Para este ano, as revendedoras estão otimistas. A Aerie Aviação Executiva espera fechar a venda de 15 aviões em 2011, crescimento de praticamente 100% com relação ao ano passado. Caso o número se confirme, será o melhor ano em volume de vendas para a companhia, superando o patamar de 14 aeronaves alcançado em 2008.
“O mercado retomou o crescimento no fim do ano para cá, no período pós-eleição”, explica Polli. Ele diz que a demanda por novas aeronaves estava represada pela crise mundial – estourada, nos Estados Unidos, em setembro de 2008 - e pelas indefinições com relação às eleições. “Muitos empresários seguraram a intenção de compra nesse período”, afirma.
Importação de modelos usados
A compra de aeronaves por brasileiros ficou mais fácil nos últimos anos pela desvalorização do dólar, moeda que baliza os contratos, e por reflexos da crise econômica internacional. Em uma pesquisa no site de classificados FlightMarket é possível encontrar 90 modelos anunciados, com preços entre R$ 105 mil e R$ 8,1 milhões.
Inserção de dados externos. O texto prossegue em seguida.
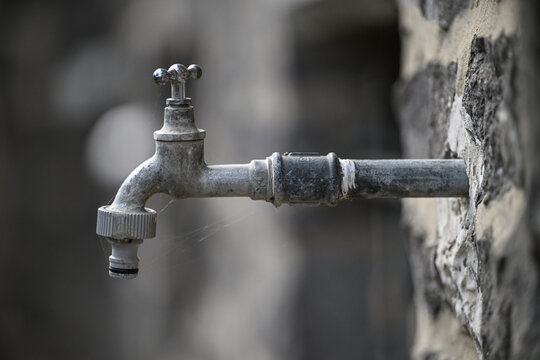 robinet jardin secheresse eau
Os modelos usados ganharam relevância no setor brasileiro. Muitas empresas estrangeiras tiveram que se desfazer de ativos para enfrentar a crise e passaram a oferecer aviões seminovos por preços competitivos.
O percentual de aeronaves usadas vendidas na TAM Aviação Executiva, por exemplo, pulou de 15% para 40% nesse período, segundo Fiuza. A companhia vende, em média, 70 unidades de aviões e helicópteros por ano. O deságio de um modelo com um ano de uso chega a 35% atualmente, o triplo do desconto oferecido por um avião com a mesma idade antes da crise econômica.
A chegada das aeronaves usadas ao Brasil aquece os serviços de manutenção. Enquanto as áreas de vendas e fretamentos de aviões da Algar Aviation sofreram quedas nas vendas com a crise, a unidade de manutenção continuou a crescer. “Ninguém voa em uma aeronave usada sem antes fazer uma revisão. E a cada 150 horas de voos precisa fazer uma manutenção”, Rogério Montalvão, diretor-presidente da holding Algar.
Uma alternativa
Para os empresários que não dispõem de recursos para comprar uma aeronave – ou não consideram a compra vantajosa no plano de negócios -, o mercado oferece outras opções à aviação comercial: os voos fretados.
O perfil do cliente do fretado é o mesmo dos compradores de aviões: empresas que querem comodidade e agilidade nas viagens de seus executivos. “A diferença é que essas companhias, em geral, não estão dispostas a imobilizar recursos para comprar um avião”, afirma Montalvão.
Os preços dos fretamentos foram favorecidos pela queda do dólar e do barril de petróleo no ano passado. O custo para fretar um jato é de cerca de R$ 15 por quilômetro. Assim, o trecho de Uberlândia para Belo Horizonte, por exemplo, sai por R$ 16 mil. Com o aquecimento a economia brasileira, a Algar Aviation espera uma elevação de 20% nos fretamentos e uma estabilidade nos preços, exceto se a cotação do barril de petróleo disparar. “Aí os preços vão subir em todo o mercado”, diz Montalvão.